But Henry Santos of Middleborough, who was a roommate of King's at Boston University in 1952, said King realized his message of harmony made him a likely victim of violence.
''People who challenge the status quo really do understand that they're taking their fate in their own hands," said Santos, who is a professor emeritus at Bridgewater State College.
In 1968, Santos was a music professor at Bridgewater State. He was giving a piano lesson at his home on Everett Street in Middleborough when he heard King had been shot in Memphis.
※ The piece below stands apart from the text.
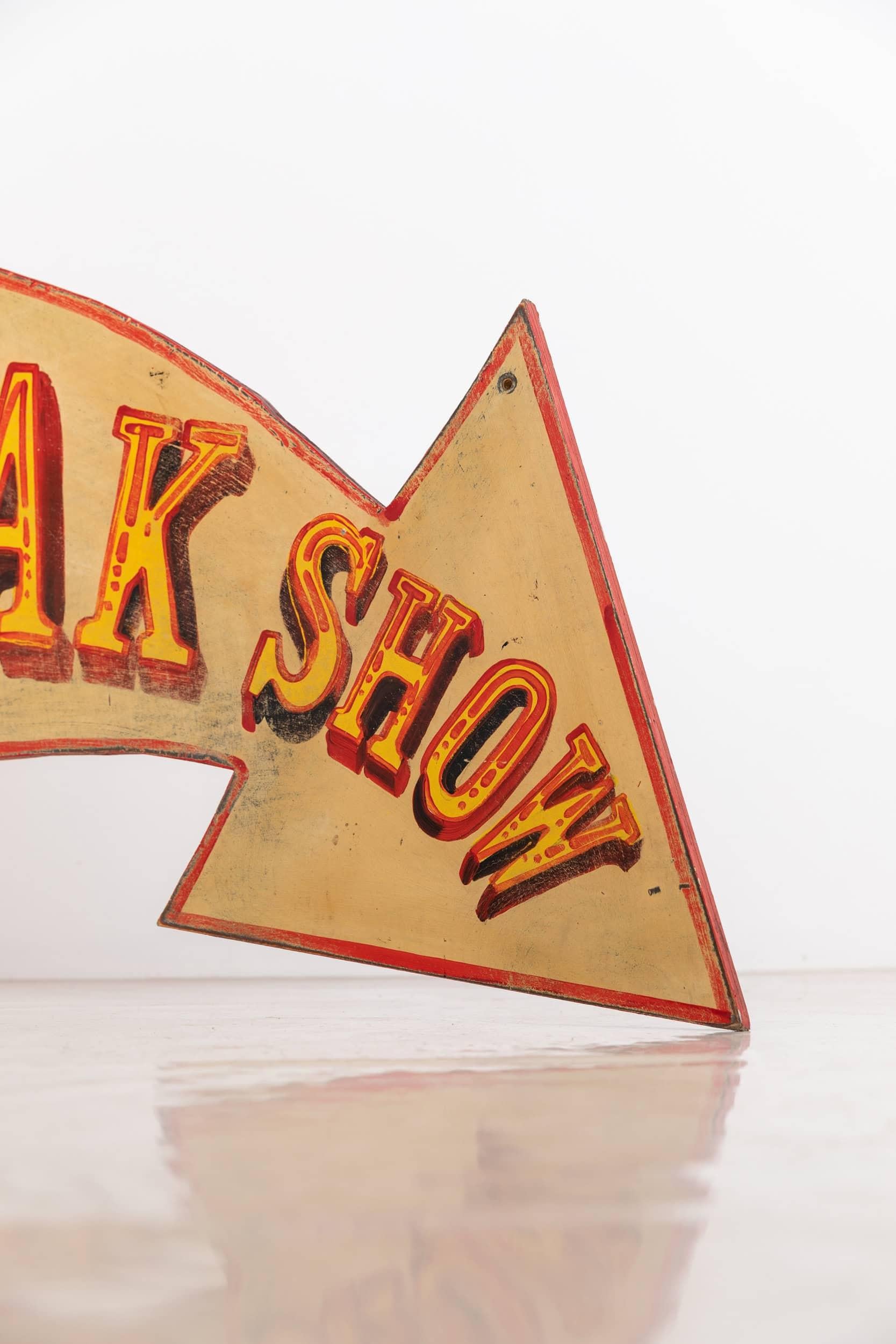 

A large hand painted fairground 'Freak Show' sign.

Decorative and eye-catching arrowed design backboard, with hand painted lettering.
He and his wife, Leola, ''were just devastated," he said quietly. ''We had the fear that something would happen to him, and it was just a very, very bleak day."
Thirty-six years later, Santos still is inspired by King. ''Martin used to say that unearned suffering was redemptive," he said.
But some of the problems King strived to solve remain, said Leonard C. Alkins, president of the NAACP's Boston branch. ''People are unwilling to address the issue of race," he said. ''We have to address that as the original sin, because if you don't admit that is the problem, you can't begin the healing process."
Alkins, a Brockton resident and former legislative aide to ex-Senate majority leader Kevin Harrington, met King in the 1960s when he addressed a joint session of the Massachusetts Legislature. King spoke eloquently for more than an hour about the need to bring about humane conditions for all people, Alkins said. ''People were absolutely spellbound. There wasn't a sound in that chamber."
King's visit, Alkins added, came at a time when Beacon Hill was bitterly divided over a bill that later became the Racial Imbalance Act, passed in 1967, a law that was part of the effort to desegregate Boston's public schools.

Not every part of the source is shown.